Cllr Joanna Biddolph has written to Cllr Steve Cowan, leader of LBH&F, calling for collaboration between LBH&F and Chiswick’s councillors. Clearly, whatever happens in LBH&F will impact on what happens in Chiswick. It is essential that both councils work together on this and, in particular, that councillors who represent Chiswick should be involved in discussions about, for example, how the Safer Cycle Pathway joins Chiswick High Road and how the Cycle Highway will work along the A4 in Chiswick. Chiswick needs a scheme that works seamlessly over boundaries.
Chiswick’s councillors are concerned, though, about the lack of clarity and detail on the Safer Cycle Pathway and Cycle Highway. They have sought clarification on several issues stressing that retailers be consulted and asking whether consultation might result in no changes or if the changes might only be about aesthetics (improving the streetscape) while retaining CS9 as proposed.

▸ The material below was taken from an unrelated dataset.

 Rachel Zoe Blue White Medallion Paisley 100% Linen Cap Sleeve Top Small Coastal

They have also written to Cllr Steve Curran, Labour leader of Hounslow Council, calling on him and his fellow Labour councillors to reflect hard on the reasons for Labour-controlled LBH&F’s decision, and to recognise the significant and broad-ranging local sentiment against such an expensive infrastructure project along Chiswick High Road.
They note that there are better ways to balance what is needed to encourage more walking and more cycling against the risks to our retail economy. Modest investment (not the huge £70m proposed for CS9) could bring significant safety gains for people on bikes and on foot. We would like to work with experts and designers to develop a bespoke scheme that would serve local residents better, radically reduce disturbance (both during and after construction) and bring sustained improvements to congestion and pollution. Multiple smaller improvements to surfaces, junction layouts, signage, segregation, and encouraging vastly more people to cycle north/south as well as along Chiswick High Road, particularly for short local journeys to the shops and to schools, etc. We would also like our cycling infrastructure to benefit more people who commute to work in Chiswick, for example extending it to Chiswick Business Park which CS9 does not reach.

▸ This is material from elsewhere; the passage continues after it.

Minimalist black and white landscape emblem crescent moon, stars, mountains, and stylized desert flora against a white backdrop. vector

They are concerned that the emerging boulevard concept, currently being promoted by the London Cycling Campaign, calls for wider pavements yet CS9 takes away much needed pavement space. Meanwhile, the House of Commons Active Travel – Trends, policy and funding report recommends prioritising walking even more in future, also a call for wider pavements and making areas more attractive and enjoyable. The parliamentary High Streets and Town Centres in 2030 report calls on local authorities to facilitate parking and to develop visionary strategies for the urban realm. They say it is clear that CS9 is already an out of date scheme.
“We welcome the recognition that King Street is not a suitable location for a 2.5m-3m wide, hard-kerbed, segregated cycle lane,” said Cllr Patrick Barr, deputy leader of the Conservative Group. “By clear inference, the same is true about Chiswick High Road where there will be a significant impact on pedestrians (pavements expropriated), retailers (loading bays moved, premises severely blighted), public transport (a bus lane lost, road blocks gained) and on residents and visitors (parking spaces removed, junctions made complicated). In contrast, the beneficiaries – commuters passing through – would be few.”

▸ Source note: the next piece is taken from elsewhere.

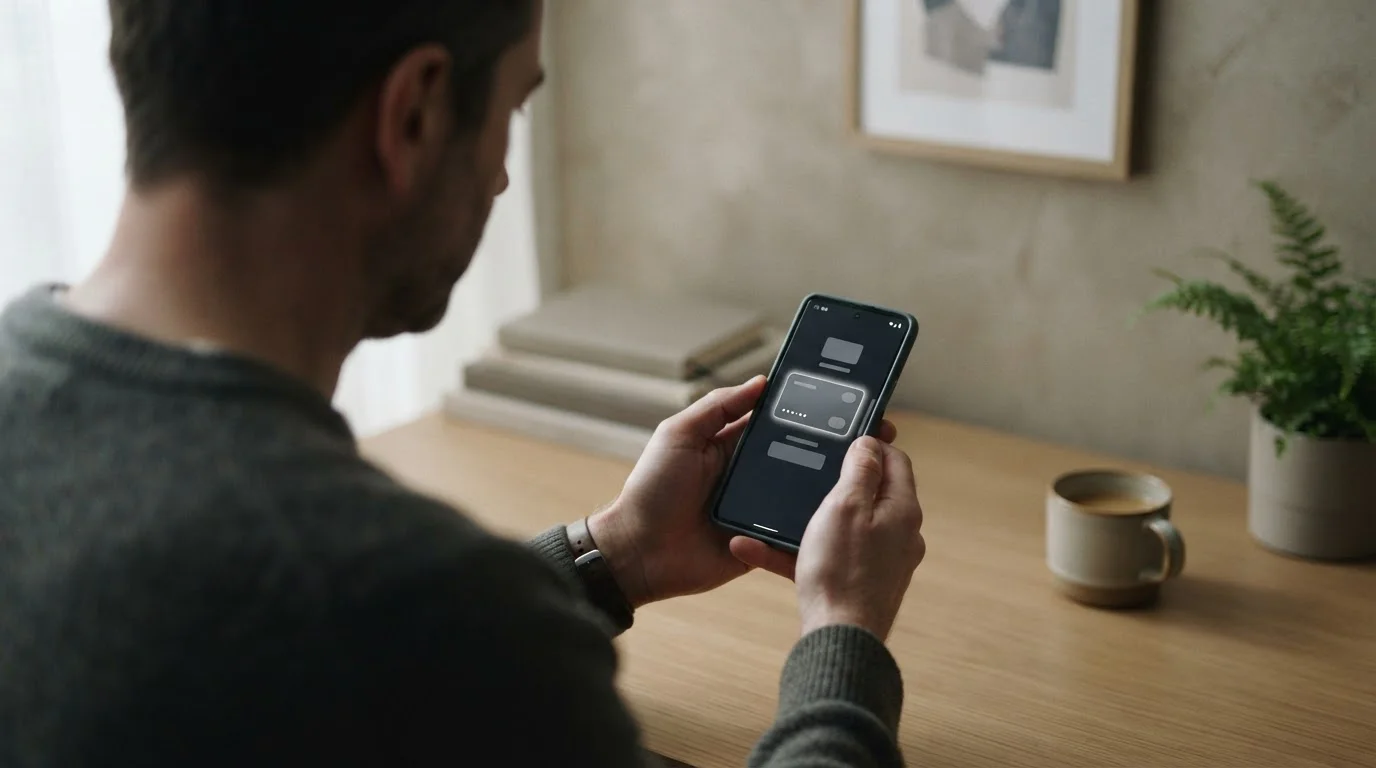 Person wählt Zahlungsmethode auf Smartphone, symbolisiert veränderte Payment-Optionen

“The pro-CS9 lobby repeatedly portrays us as anti-cycling NIMBYs. We are not. Indeed, many of us are regular cyclists. To suggest that we are also callous, and uncaring about cycle-safety, is equally preposterous. Our position has always been about the detail of the design of the CS9 scheme. Segregation has its place but this would be the first time such a scheme has been built along a high street such as Chiswick High Road.”
Chiswick’s Hounslow councillors are continuing to collect local signatures for the petition to Hounslow’s cabinet asking them not to approve TfL’s current CS9/CW9 proposal. The support the petition has already received shows the significant weight of local opposition to the current scheme, as TfL’s survey showed revealing that 63% of respondents in W4 were against the scheme. Councillors believe there would be considerably less opposition to a scheme that puts a Cycle Highway for commuter cycling on the A4 and a Safer Cycle Pathway along Chiswick High Road and along roads to/from it.
You can sign the petition online here.
The emails to Cllr Steve Cowan and Cllr Steve Curran follow.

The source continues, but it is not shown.